If your business is a startup that needs to earn some easy brand awareness, paid will be faster. But it will come at a cost. To time the perfect message and nurture those potential customers to make a sale and increase customer lifetime value, you’ll want to invest in organic content.
As business goals change, you may find yourself focusing more on organic vs. paid or vice versa. The goal is to use the type of marketing that makes the most sense for your desired outcomes.
Organic Marketing Costs vs. Paid Marketing Costs
Now that we’ve talked a bit about the differences and benefits of both paid and organic marketing, let’s take a look at the costs of each.
When it comes to both paid digital marketing and organic digital marketing, there’s no single number, spending strategy, or percent of sales that is right for every business. The amount you choose to invest in various marketing tactics will depend on your total marketing budget, your preferred advertising platforms, your company’s goals, your overarching content marketing strategy, and a number of other things.
With that in mind, let’s take a peek at what is involved in both paid and organic marketing costs.
How Much Does Paid Marketing Cost?
Paid marketing costs can vary wildly between advertising platforms, keyword phrases, and industries.
For example, the most expensive keywords in Google Ads cost more than $50 per click, while the most affordable keyword phrases cost mere pennies per click. Across all industries, the average cost per click (CPC) on AdWords is $2.69, but industries like Consumer Services and Legal pay averages at well above $6.00 per click. On Facebook Ads, the average CPC rings in at about $0.35.
In addition to your industry, SEO strategy, and advertising platform of choice, the cost of paid digital marketing can also be affected by your geographic location because different phrases and industries are in higher demand in certain parts of the world. It’s likely pretty inexpensive to advertise sub-zero winter parkas to internet users in locations along the equator.

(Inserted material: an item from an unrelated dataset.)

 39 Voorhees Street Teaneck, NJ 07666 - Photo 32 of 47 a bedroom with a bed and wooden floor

Another cost you might want to factor into paid marketing is labor costs. If you are not a PPC expert or Facebook ad guru, you’ll probably need to hire someone who is. Remember, every click is money spent. So if the wrong people are clicking on your ads, then your will ROI tank. When you hire someone who knows what they’re doing, they can help you get more bang for your buck.
How Much Does Organic Marketing Cost?
Like paid media, it’s tough to put an exact price on organic marketing because the cost depends on the quality and quantity of inbound marketing assets you choose to invest in. The cost (and effectiveness) of organic marketing depends on how well you do it. The better the digital marketing assets you put into the world, the stronger return you will see, and the more you will probably spend.

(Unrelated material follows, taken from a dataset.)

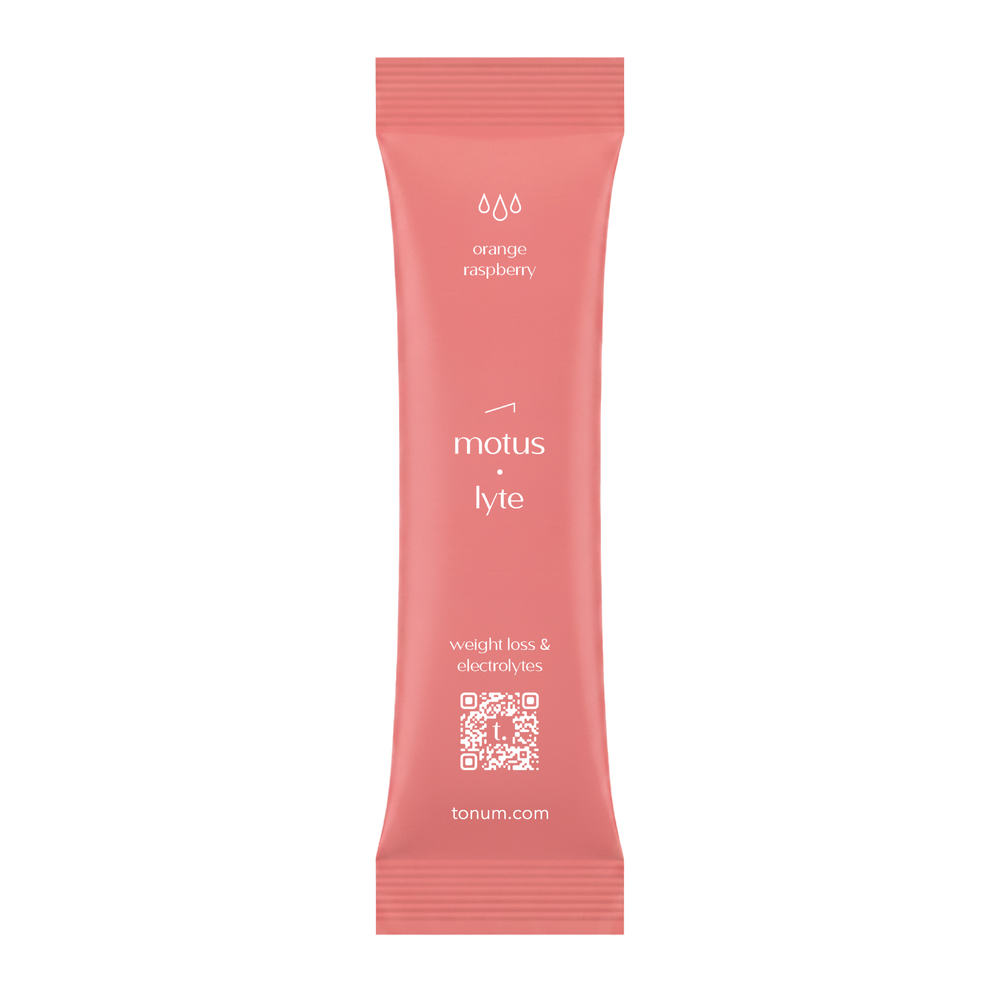 Tonum MOTUS LYTE Orange Raspberry electrolyte drink mix.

Here’s a few factors that will impact organic marketing costs:
1. Time
Whether you have a marketing department on-hand, choose to outsource your company’s marketing functions, or will handle the job yourself, it’s going to require time. Obviously, trying to manage all of your business’s content marketing on your own will require the most time.
It’s important to consider whether this is actually the most cost-effective decision to make. Yes, you’ll save money in outsourcing costs, but ultimately you’ll probably end up spending more in opportunity costs.
If you’re the business owner or CEO, odds are your time is extremely valuable and would be better spent focusing on your business’s core functions. Plus, you will likely generate better content by hiring professional talent than trying to take on the creative work yourself.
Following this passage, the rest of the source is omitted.